# Overview

## Lecture 3: fMRI data manipulation in 3D: loading and plotting raw data in python

In this session, we will learn about fMRI data properties by manipulating and visualizing it.

# Goals for today

We will go over some important concepts of data manipulation and visualization in fMRI, including: 

- Neuroscience concepts
    - FMRI data format and meaning
    - How to manipulate and plot fMRI data
- Coding concepts
    - Plotting 3D images
    - Logical indexing
    - Setting matplotlib plotting parameters
- Datascience concepts
    - Normalizing data
    - Interactive plots (3d plots) 
    
We start by importing the packages we will use. 

In [None]:
# load the packages we will use:
import numpy as np
import matplotlib.pyplot as plt  # for visualization

# Set defaults for matplotlib plotting in the notebook
%matplotlib inline

### Loading Data
In the following we will load one run (also referred to as a scan) worth of fMRI data.


In [None]:
# Load the fMRI data
fname = '/home/jovyan/data/sub01_categories1_1.npy'
data = np.load(fname) 
data = data.astype('float32')

print('data.shape : ', data.shape)

The dimensions of the data are (X, Y, Z, T) (T is time, in TRs).

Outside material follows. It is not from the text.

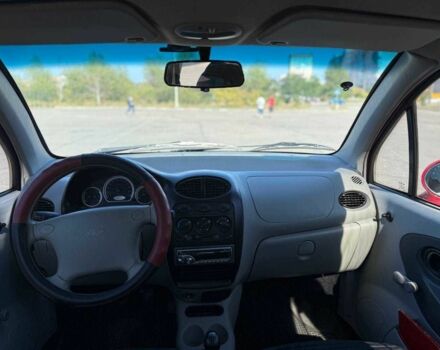 Красный Чери Кью Кью, объемом двигателя 1.1 л и пробегом 55 тыс. км за 2799 $, фото 8 на Automoto.ua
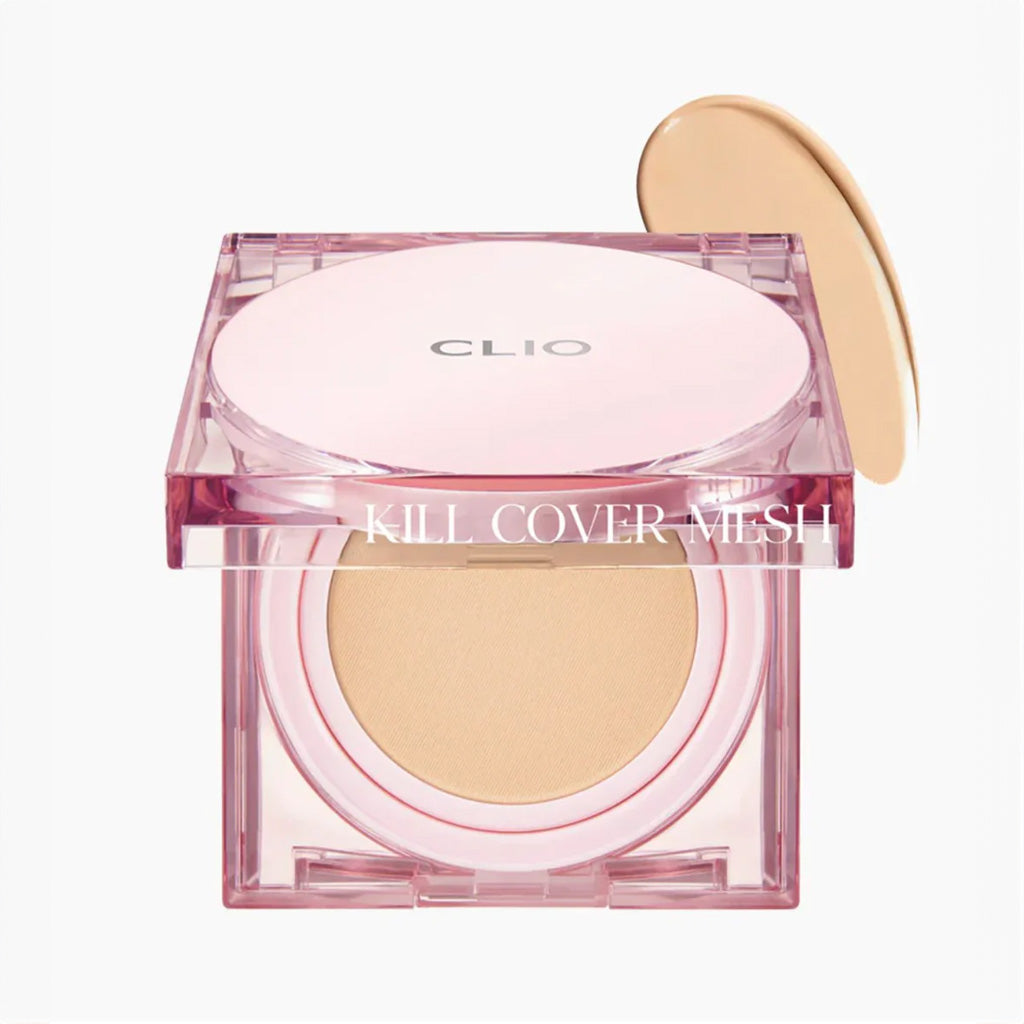 CLIO Kill Cover Mesh Glow 气垫套装+替换装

Thus, there are 120 volumes (120 time points). Each volume has 30 horizontal or coronal slices with 100 x 100 pixels.

### Transpose data
The convention is to have the first dimension correspond to time. We will transpose the data to have now time be the first dimension. The new data will have dimensions corresponding to (T, Z, Y, X):

In [None]:
# Transpose data
data = data.T
print('data shape : ', data.shape)

### Arrays
  
Let's quickly review 1D, 2D and 3D arrays. We will create some example arrays using a function to generate numbers randomly. We will chose a generator that uses the uniform(0,1) distribution function.

In [None]:
# 1D array example:
A_1D = np.array(np.random.uniform(size = 5))
print(A_1D)

In [None]:
# 2D array example:
A_2D = np.array(np.random.uniform(size = (4,5)))
print(A_2D)

In [None]:
# 3D array example:
A_3D = np.array(np.random.uniform(size = (5,3,4)))
print(A_3D)

### Breakout session

Now pretend that A_3D corresponds to the measurement over 5 consecutive days (0,1,2,3 and 4) of the chance of rain at three times of the day (0 = morning, 1 = afternoon and 2 = evening) in four different cities (0 = Berkeley, 1 = New York, 2 = Paris, 3 = London). The dimension of A_3D is (5, 3, 4) corresponding to (Day, Time, City).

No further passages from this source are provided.